You need to know the recommended formats for Hive ACID tables, and how you can access tables from Spark. The HMS translation layer checks the capabilities of a Hive client that tries to access Hive and returns an error message designed to help you resolve an access problem.

For Hive ACID, ORC is the recommended native storage format. You can insert, append, update, delete data in ORC format, but Hive ACID is not restricted to ORC. You can do insert/append operations to files in most other formats, such as text, Parquet, and AVRO. For more information about ORC, see ORC file format and Advanced ORC properties in Hive Performance Tuning.

Spark is not natively compatible with ACID tables. You need to use Hive Warehouse Connector (HWC) to read Hive ACID tables from the Hive metastore. There are two modes for HWC: JDBC mode and Direct Reader mode.
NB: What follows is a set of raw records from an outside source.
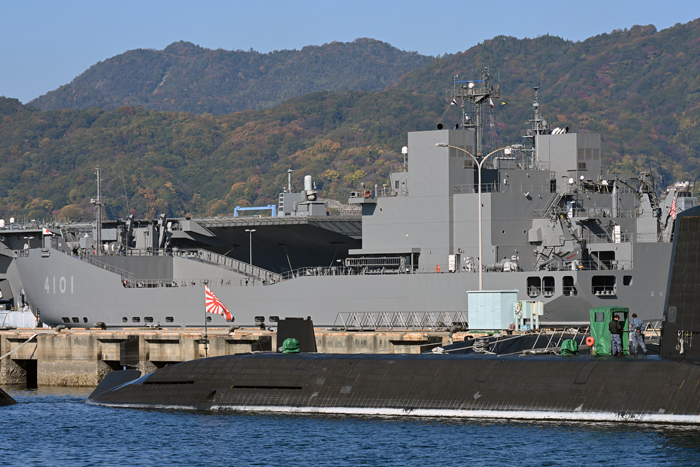 LSV4101 ようこう 左舷後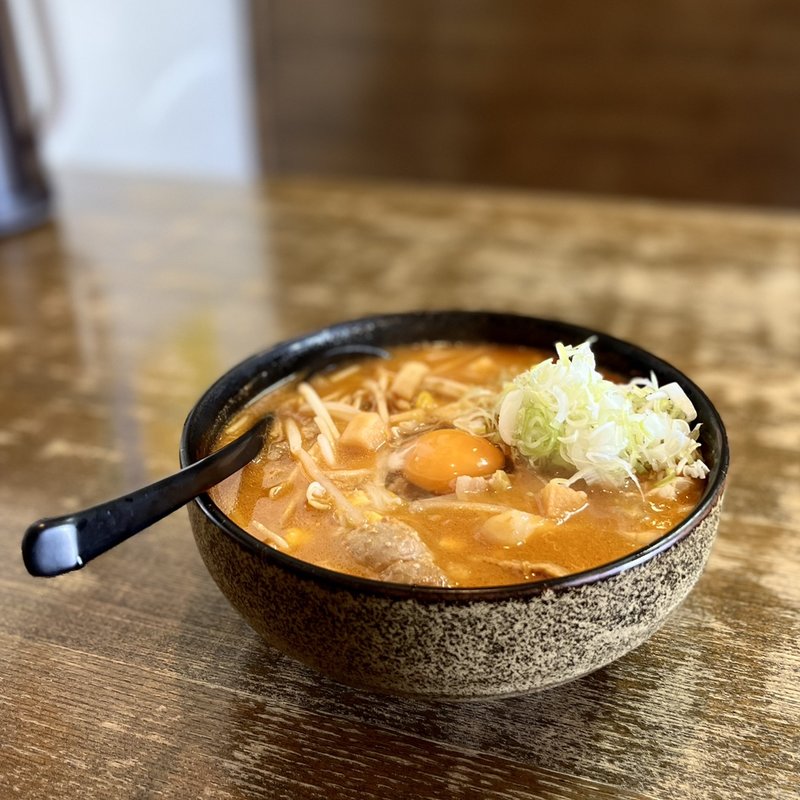 キムチ納豆ラーメン(小)(柳家矢巾店)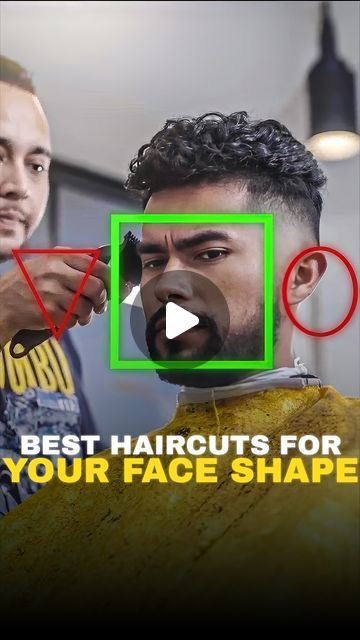 Face Shape And Haircut, Triangle Haircut Men, Best Haircuts For Diamond Face Shape, Triangle Face Haircut, Haircut For Triangle Face Shape, Haircut According To Face Shape, Face Shape Hairstyles Men, Triangle Face Shape, Diamond Face Shape Hairstyles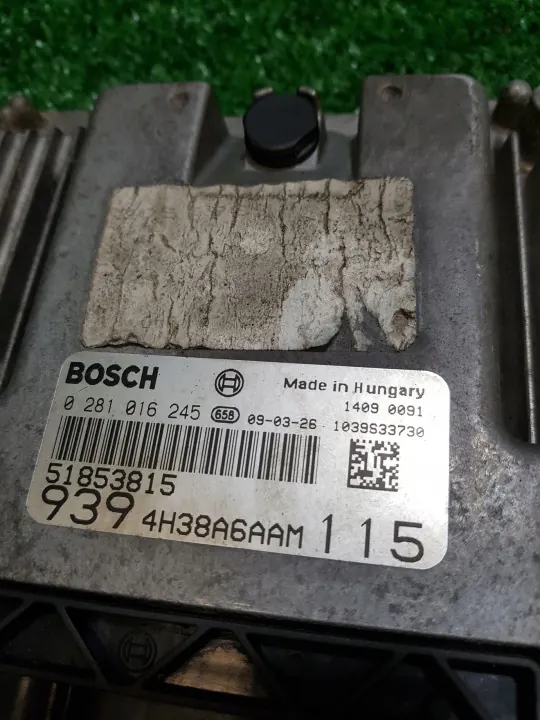 Motorstyrenhet OEM 0281016245 för Alfa Romeo 159 image 3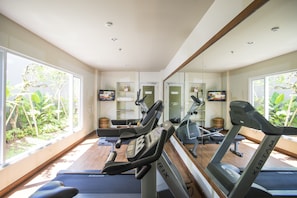 Fitnessstudio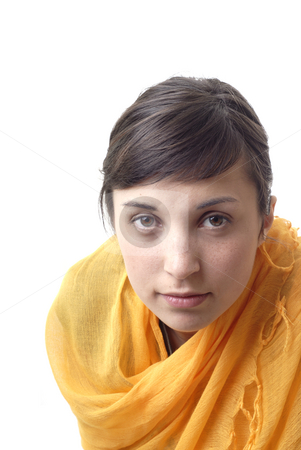 To use this stock image in your creative project, please select the size you need over to the right and click the "Add to Cart" button.
Your downloaded image will come with the Cutcaster watermark removed so don’t worry about the watermark you see on this page. Woman stock photo, Portrait of beautiful young sexy woman on white background by Rui Vale de Sousa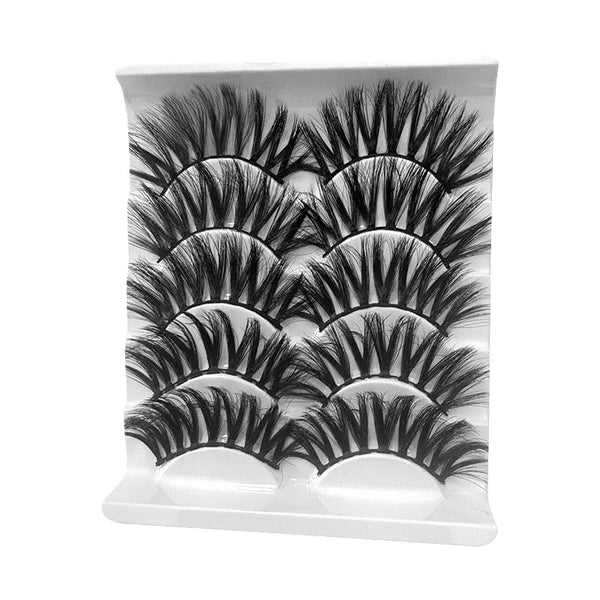 5 pairs of eyelashes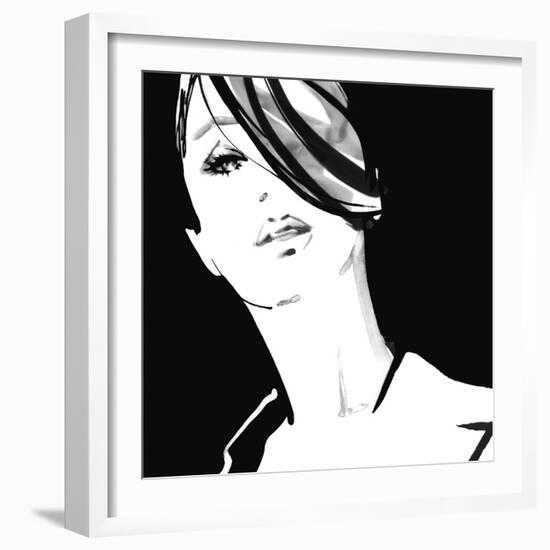 Fashionista-Johanna Fernihough-Framed Giclee Print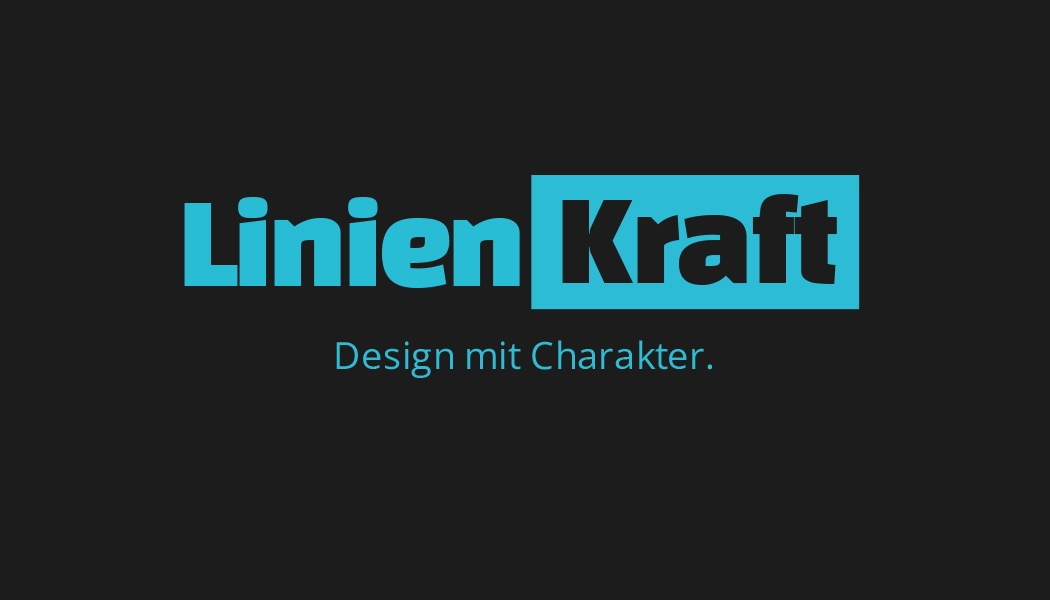 Visitenkarte mit kreativem Design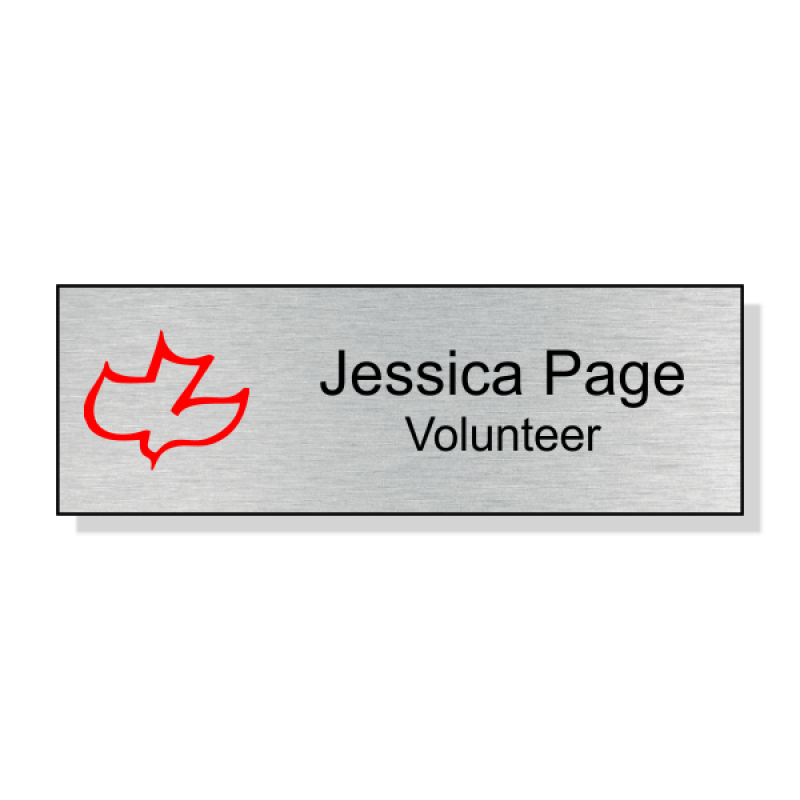 Calvary Full Color Name Tag - Rectangle Calvary Full Color Name Tag - Rectangle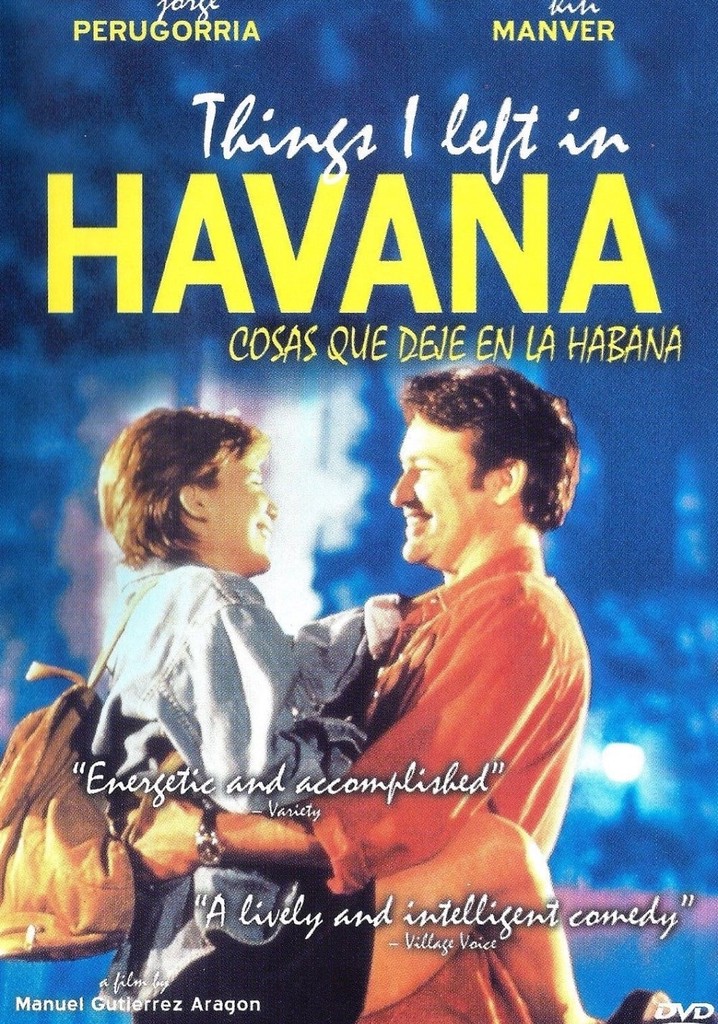 Things I Left in Havana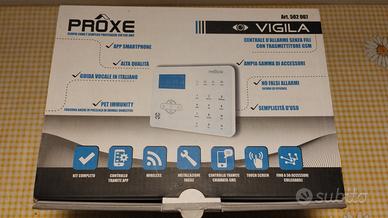 Sistema allarme domestico con sirena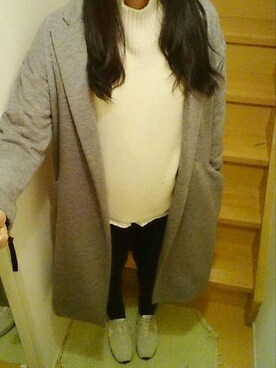 marinaさん(レディース・171cm)の冬コーディネート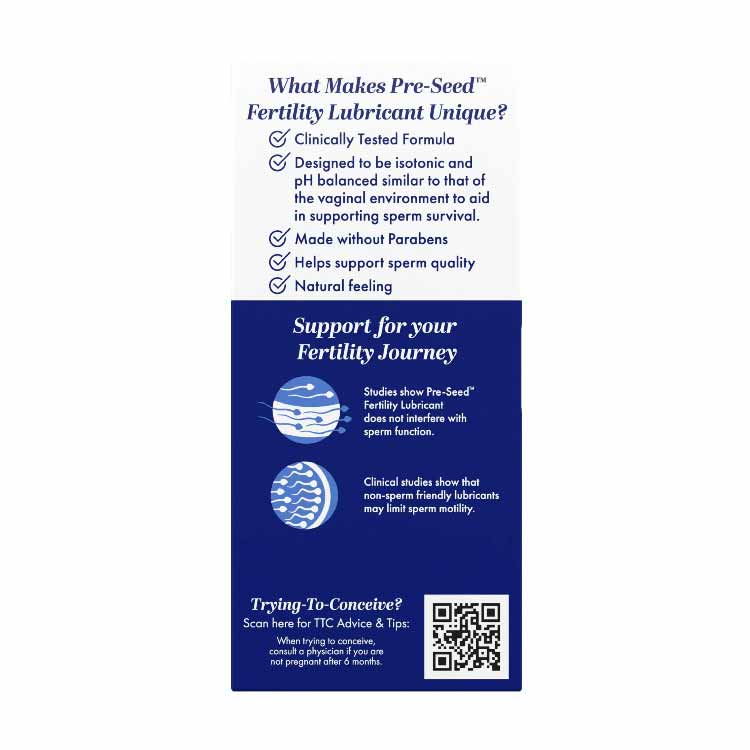 Pre-Seed - Fertility Lubricant, for Use by Couples Trying to Conceive - 1.4 Oz Tube - 9 Applicators Each - 240 Packs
The HMS translation layer prevents Spark from accessing Hive tables.

The HMS translation layer checks each client connection to determine the capabilities of the client. For example, HMS checks whether or not the client supports ORC and transactional tables. When a Spark client talks to the metastore, it can bypass HiveServer (HS2). Some operations, such as Direct Reader and Hive Streaming, go to Hive directly through HMS and reveal its capabilities to the HMS translation layer. If Spark does not have a connection to HWC associated, when the Spark user tries to get information about the ACID table, the query fails. The HMS translation layer determines that Spark without HWC does not have the required capabilities to access ACID tables, and gives you an error.